The Alchemy of OxyContin: From Pain Relief to Drug Addiction: “Part of what makes the spread of OxyContin abuse so difficult to track,
let alone to stop, is that the drug moves not physically but conceptually.
When crack cocaine spread from the big cities on either coast toward the
center of the country, it traveled gradually, along Interstates, city by city.

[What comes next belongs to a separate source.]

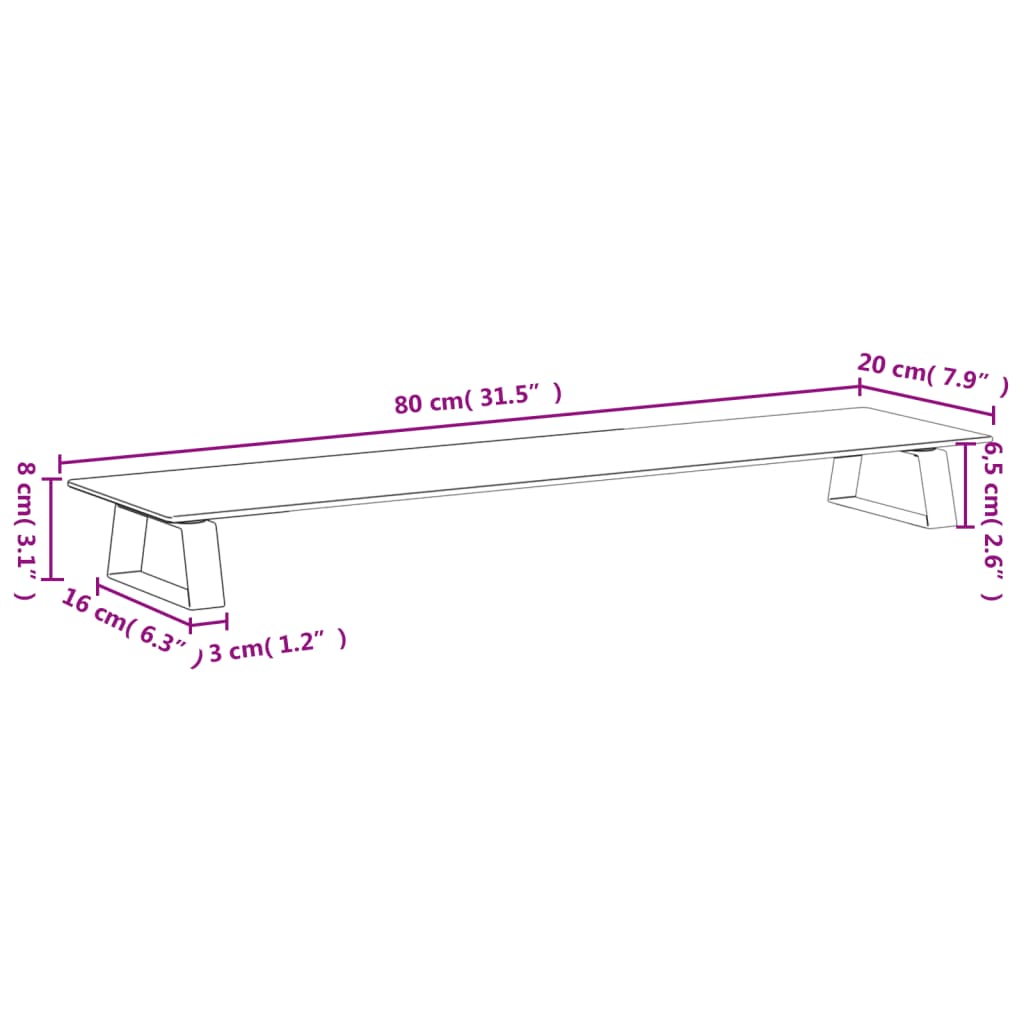 vidaXL Podstawka pod monitor, biała, 80x20x8 cm, szkło i metal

OxyContin abuse pops up suddenly, in unexpected locations.” One of the privileges of practicing psychiatry is the intimate glimpses of the lives of people more different than one would otherwise often meet. This week, a patient in my hospital with whom I have a candid relationship because I’ve treated him as more than “just an addict” (the way the profession often sees them when they come in for psychiatric admission), offered me a sociological treatise on the recent eruption of oxycontin onto the urban, Boston-area drug scene. Looks to me we are not going to stop this epidemic. A pain patient on Medicaid pays 50 cents for a month’s prescription of the drug, which may be as many as 60 or 100 80-mg tabs. S/he can immediately get $2000-3000 cash for the pills, because the man who buys them will turn around and sell them — within the day — for current street value, which is $1 per mg. That amounts to a $5000 profit on that one prescription, and the dealer is doing similar deals with dozens of recipients each month. As long as the price stays at or near current levels (which is partly driven by public hype, I realize…), the financial incentives make this trade virtually unstoppable.